Piyanist. Türkiye’deki lisans eğitiminden sonra İngiltere ve Fransa’da lisansüstü eğitimlerini tamamladı. Birçok yarışmada derecesi olan sanatçının, üç albüm çalışması bulunmakta ve ulusal/uluslararası birçok festivalde hem solo hem de dünyaca ünlü müzisyenler ile paylaştığı oda müziği konserleri devam etmektedir. Doktor öğretim üyesi olarak MSGSÜ’de piyano ve oda müziği dallarında eğitim veren sanatçının, günlük yaşama dair gözlemlerini esprili bir dille kaleme aldığı yazıları bulunmaktadır.

Aile tatilleri her ne kadar aileyi birleştiren, sevgi yumağı yapan bir olay gibi gözükse de tam bir stratejik savaştır. Olay tatil planı “nereye gidilecek, nasıl gidilecek, kaç gün kalınacak”la başlar ve aile babasının altın vuruşu olan “kaçta tatile çıkılacak” kararıyla tepe noktasına ulaşır. Babaların tümünün sanki gizli bir dernek kurup bulduğu, şifreli olduğundan şüphelendiğim “Tekerlek 05.00’te dönecek!” cümlesi annelerin ve çocukların korkulu rüyasıdır. Burada insanın sorguladığı iki detay vardır.

1- Neden 05.00?

2- Neden “Motor çalışacak!” değil de “Tekerlek dönecek!”?

Zannedersin tekerleği evin babası icat etti de gün ışımadan, buluşunu kimse görmeden denemek istiyor. Babaların “Az eşya alın!” kod adlı ikinci vurucu cümlesi hemen sabah 05.00 çıkışının üstüne gelince anneler, stratejik hamlelerini yapmaya koyulurlar. Bir kadın bünyesinde ters tepki yaratan “Az eşya al!” cümlesi sanki kıtlık varmış, savaş çıkacakmış da ne var ne yok depolamalı veya “her şeyi bir daha dönmeyecekmişçesine yanımıza almalıyız!” endişesine dönüşür ve kadın planını yapar.

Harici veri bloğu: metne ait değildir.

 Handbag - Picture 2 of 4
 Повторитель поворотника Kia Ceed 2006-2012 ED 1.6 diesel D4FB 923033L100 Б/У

Kargaların bile üşendiği 05.00’teki çıkışı bahane ederek anne, babayı uyumaya gönderir. Baba sabah Boeing uçuracak edasıyla yatağa gidip dinlenme moduna geçtiği sırada kadın, görsel kandırmaca olan üç küçük bavulu kapının önüne bırakır ve sabah 05.00’e kadar ne var ne yok almaya, toplamaya başlar! Bir annenin en büyük yardımcısı, dava arkadaşı naylon torbadır. Tek olumsuz yanı hışırdamasıdır, o da kadının maharetli yumuşak hareketleriyle aza indirgenebilir. Kadın onlarca küçük torba hazırladıktan sonra onları göz önünden uzak bir köşeye gizler. Artık tekerleğin dönme saati gelmiştir ve baba uyanır, kapıdaki o üç bavulu alıp arabayı hazırlamak üzere aşağı iner. Anne artık zaman kazanmıştır çünkü baba bavulları bagaja en iyi şekilde yerleştirmeye çalışırken kadın yukarıda topladığı torba ve çantaları sıraya dizer. Günün tam aydınlanmamış olması kadının en büyük avantajıdır aslında, karanlıkta torbaları gizlice arabaya sıkıştırabilir. Burada çocuklar önemli rol oynar. Anne ellerine iki üç çanta tutuşturur ve “Siz zaten yatacaksınız, bu çantalar ayağınızın altında dursun veya bunları yastık yaparsınız,” diye ikna etmeye çalışır. Çocuklar zaten ayılamadığı için her şeye “He!” der ve aşağıya iniş başlar.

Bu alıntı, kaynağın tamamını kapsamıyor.